[[ DATA, beginning ]]

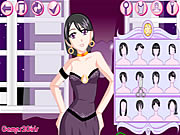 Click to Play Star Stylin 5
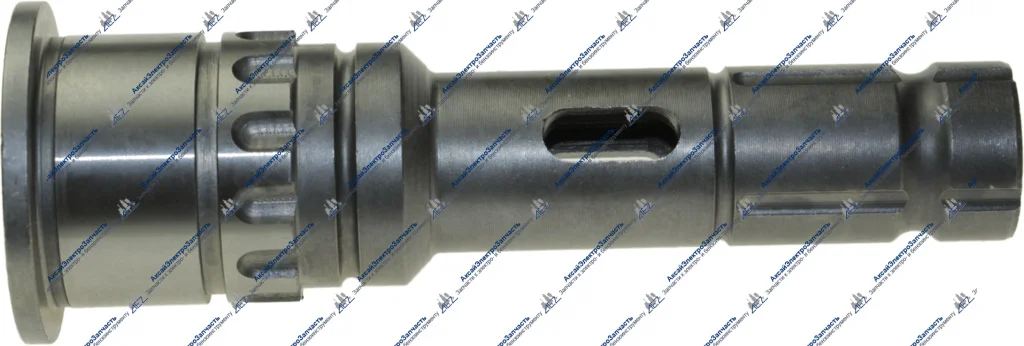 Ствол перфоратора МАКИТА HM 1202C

[[ DATA, end ]]
[[ DATA, beginning ]]

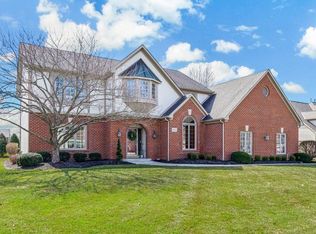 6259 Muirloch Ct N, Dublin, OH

[[ DATA, end ]]
[[ DATA, beginning ]]

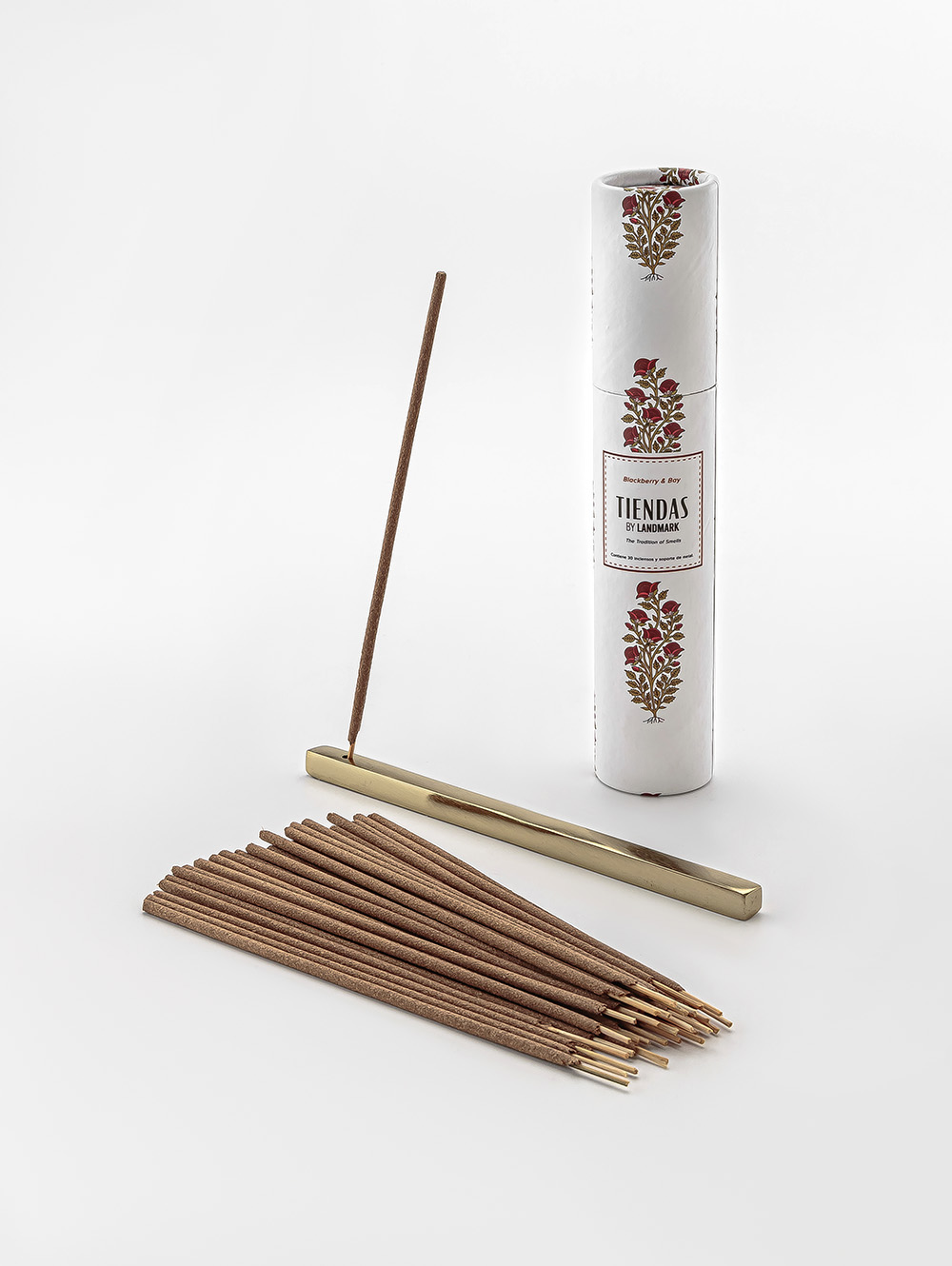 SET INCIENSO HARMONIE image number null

[[ DATA, end ]]

▶ _WORK TO BE COMPLETED_: Output only the lines above from the one containing "Click to Play Star Stylin 5" to the one containing "Ствол перфоратора МАКИТА HM 1202C", both included, exactly as written and with no pictures.

▶ _RESPONSE AREA_:
 Click to Play Star Stylin 5
 Ствол перфоратора МАКИТА HM 1202C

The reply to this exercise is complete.